Galleria l’Affiche inaugura il progetto di mostra-website di Mathia Pagani, un concept ideato e interamente realizzato dall’artista a metà tra sperimentazione digitale ed esposizione tradizionale, all’insegna di un possibile nuovo sistema di fruizione dell’arte.
Un sito web come mostra virtuale interattiva e opera d’arte stessa.
Error project è un innovativo web content hub, primo nel suo genere, che coinvolge il visitatore in un percorso alla ricerca dell’errore giocando sull’ambiguità fra errore informatico, artistico o concettuale
La partecipazione diretta dell’utente si esprime in esperienze attive e digitali che implicano l’interazione con le immagini e video, in un progressivo svelarsi delle opere (che si devono ‘cancellare’ per essere viste), fra giochi che richiamano gli albori dei video games e la loro essenzialità all’incontro via chat con l’artista, in un ritorno a un grado zero della relazione, che, sconfinata nella virtualità cibernetica, ha visto progressivamente sfaldarsi il suo vocabolario primario.
La mostra online, intesa come prima parte di una mostra che proseguirà negli spazi della galleria in tempi futuri, non utilizza la tecnologia solamente come mezzo per mostrare e veicolare l’opera, ma impone lo stesso linguaggio del web e gli errori nella sua interpolazione come oggetto di indagine artistica. La pratica di gamification, che propone elementi di game design in contesti non ludici, riporta l’esperienza artistica ad una dimensione di gioco, desacralizzandola.

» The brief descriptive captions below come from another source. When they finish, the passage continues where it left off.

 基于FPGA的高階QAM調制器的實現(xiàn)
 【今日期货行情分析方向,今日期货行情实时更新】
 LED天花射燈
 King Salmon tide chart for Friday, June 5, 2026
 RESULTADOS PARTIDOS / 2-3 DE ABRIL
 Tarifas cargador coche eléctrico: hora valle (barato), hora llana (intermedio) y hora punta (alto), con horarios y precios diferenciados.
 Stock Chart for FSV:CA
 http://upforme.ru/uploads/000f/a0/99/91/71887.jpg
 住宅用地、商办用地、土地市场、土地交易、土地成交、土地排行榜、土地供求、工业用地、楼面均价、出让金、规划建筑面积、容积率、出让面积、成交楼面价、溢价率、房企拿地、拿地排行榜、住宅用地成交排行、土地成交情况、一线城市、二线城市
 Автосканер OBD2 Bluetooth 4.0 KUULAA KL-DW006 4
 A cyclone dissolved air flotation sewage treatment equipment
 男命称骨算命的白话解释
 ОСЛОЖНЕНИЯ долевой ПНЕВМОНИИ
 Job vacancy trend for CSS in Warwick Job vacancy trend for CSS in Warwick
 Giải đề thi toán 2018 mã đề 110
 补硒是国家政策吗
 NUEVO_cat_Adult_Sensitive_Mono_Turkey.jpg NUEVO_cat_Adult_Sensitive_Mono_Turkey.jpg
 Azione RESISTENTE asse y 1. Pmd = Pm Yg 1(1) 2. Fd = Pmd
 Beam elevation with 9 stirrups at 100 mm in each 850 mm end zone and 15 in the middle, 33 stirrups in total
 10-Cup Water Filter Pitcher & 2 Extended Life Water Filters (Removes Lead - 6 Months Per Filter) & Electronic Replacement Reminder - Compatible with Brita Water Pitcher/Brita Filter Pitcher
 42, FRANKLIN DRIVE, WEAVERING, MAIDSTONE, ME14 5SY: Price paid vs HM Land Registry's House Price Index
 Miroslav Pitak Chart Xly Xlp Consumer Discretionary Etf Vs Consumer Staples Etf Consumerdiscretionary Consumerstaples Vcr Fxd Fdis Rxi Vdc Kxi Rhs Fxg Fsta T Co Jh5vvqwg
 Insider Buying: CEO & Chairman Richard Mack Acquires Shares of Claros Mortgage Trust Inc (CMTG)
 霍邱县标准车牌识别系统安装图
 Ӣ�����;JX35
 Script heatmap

All’origine delle opere c’è un lavoro pittorico per poi integrarsi e confondersi in frammenti fotografici di piazze vuote, dove un’interferenza minima operata nell’immagine, un disturbo, un’alterazione alle volte quasi invisibile, rivela un errore, che gioca per contrasto con l’inabituale mancanza di presenza umana in questi luoghi, trasfigurati e metafisici. Le foto sono perlopiù screenshot di video di webcam sparse per il mondo e raccolte dall’artista in modo casuale. Il video in time lapse 404 NOT FOUND ne è ulteriore traccia e mostra, in contemporanea, lo svolgersi delle vita in sedici luoghi del mondo nel corso delle 24 ore del 25 aprile 2020, giorno della Liberazione.
Un mondo che si dimostra all’altezza di un nuovo umanesimo, che passa dalla macchina per ritornare all’uomo, senza l’illusione di potere ricreare nel virtuale il reale, come le mostre 3D, talvolta inutilmente complicate e fredde, provano a fare, ma nel tentativo di conservare nel nuovo habitat digitale la dinamica primaria di cui si compone la relazione con l’arte, fatta di interazione, scoperta, inaspettato.